NOTE This article does not cover Linux kernel performance issues and caveats, for more information around this please see pushing the limits of kernel networking.
Lets first look at the path an ingress frame would take.takes (Figure 1).
- Frame is received by the network adapter.
- Frame is moved (via DMA) to a RX ring buffer in kernel memory*.
- The NIC notifies the system of that there is a new frame ready for processing by raising a hardware interrupt (IRQ)**.
- The IRQ is cleared on the NIC and the kernel executes the device driver which drains the RX ring via SoftIRQs.
- The SoftIRQs place the frames into a kernel data structure called an sk_buff or "skb" (i.e socket buffer).
- The frame is passed up through the networking stack for further processing.
- The packet finally arrives at the receive socket buffer (also known as the receive window).

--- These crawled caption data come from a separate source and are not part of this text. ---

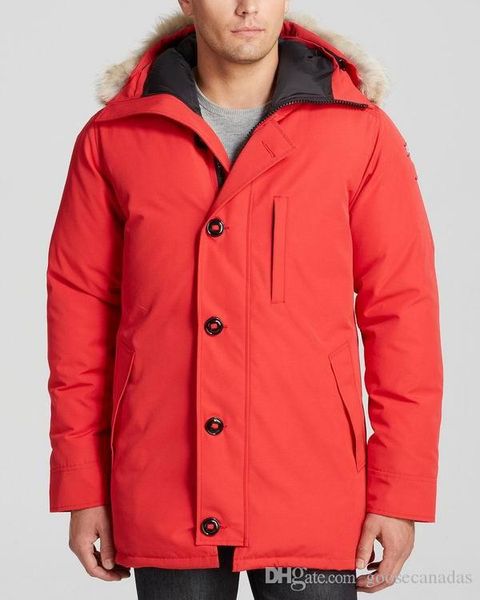 

canada chateaus brand mens veste homme outdoor winter jassen outerwear big fur hooded fourrure manteau down jacket coat hiver parka doudoune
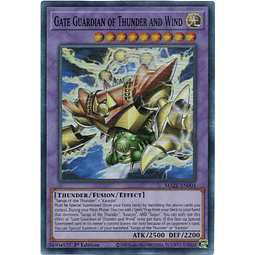 Gate Guardian of Thunder and Wind carta yugi MAZE-EN004 Super Rare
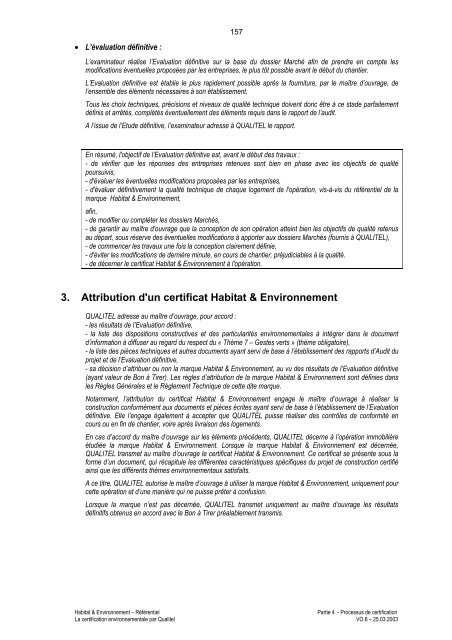 Habitat & Environnement - Qualité Logement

- Application calls the read system call. The area is changed to the kernel area and the data in the socket buffer is copied to the userspace of the application.

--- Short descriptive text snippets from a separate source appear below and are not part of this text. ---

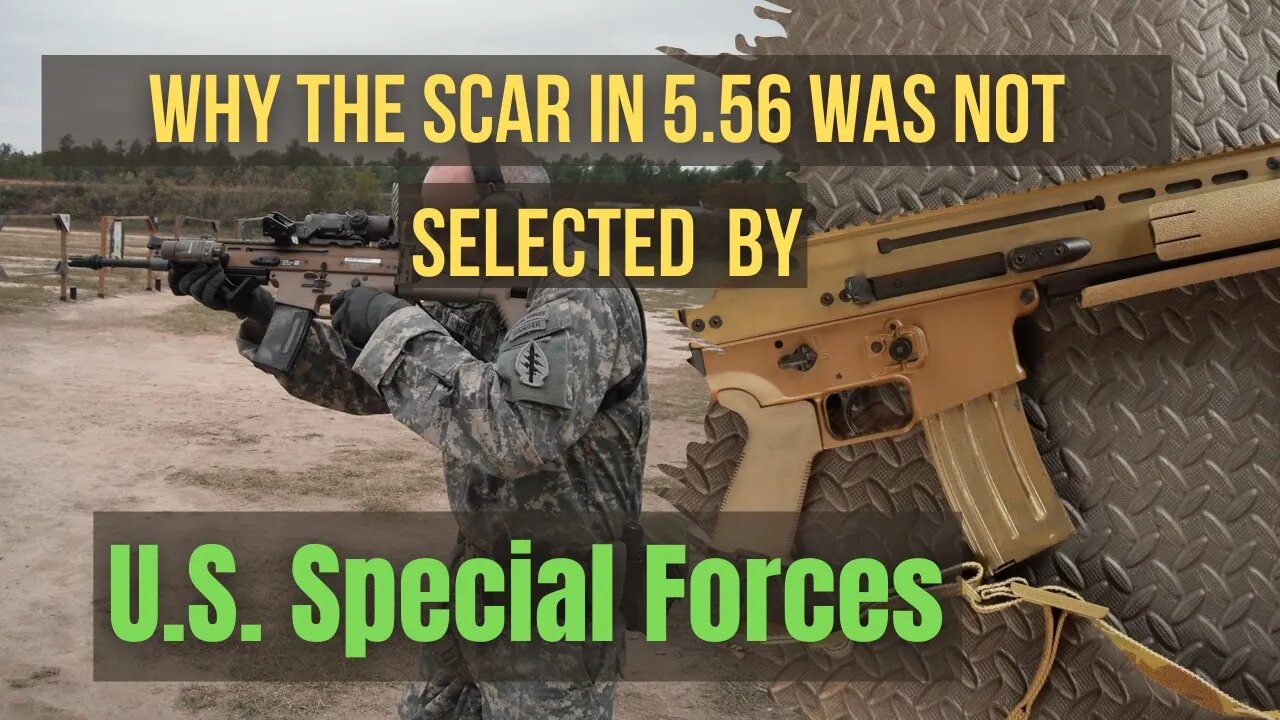 Why the SCAR in 5.56 (MK16) was not adopted by U.S. Special Forces to replace the M4A1.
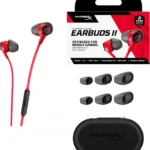 HyperX Cloud Earbuds II In-Ear Wired Gaming Headset – Red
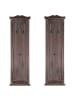 MCW 2er-Set Wandgarderobe, Braun shabby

*RX ring buffer - the ring buffer is a circular buffer (FIFO). This means an overflow will simply overwrite existing data.
**Interrupts - Hardware (also known as top-half) interrupts can be expensive in terms of CPU usage, it alerts the CPU to a high-priority condition requiring the processor to suspend what is currently doing, saving its state and then initialize an interrupt handler to deal with the event. The hard interrupt handler then leaves the majority of packet reception to a software (also known as bottom-half) interrupt process which can be scheduled more fairly.

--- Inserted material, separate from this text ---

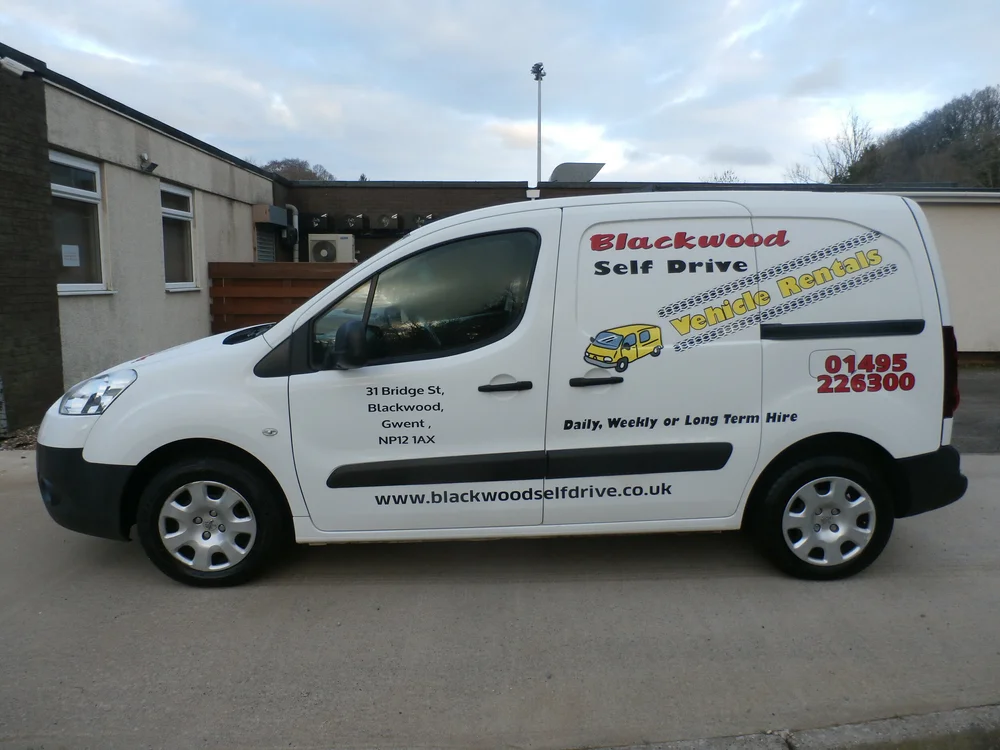 Small Van Available for Hire Blackwood Self Drive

Figure 1 - High Level overview of components involved in Frame Reception/Delivery.
Now lets look at the path an egress frame would take (Figure 1).
- Application performs a write() on the socket.
- Frame is copied from the applications user space to the send socket buffer.
- Frame is passed down the stack to the output queue (qdisc).
- Frame is passed to the device driver, who moves it to a TX ring buffer.
- The device driver invokes the NIC DMA engine to transmit the frame onto the wire.
- Once transmission is complete, the device raises an interrupt to signal transmit completion.
- The device drivers IRQ handler runs and triggers SoftIRQs.
- SoftIRQs unmap the DMA regions and frees the packet data.
Introduced within the Linux Kernel 2.4.20, NAPI (New API) reduces the amount of hard IRQs raised by network adapters for ingress frames. It works by disabling hard IRQs from the NIC, packets are then pulled from the RX ring buffer by the NAPI subsystem. Once the RX ring buffer is empty, IRQs from the NIC are re-enabled.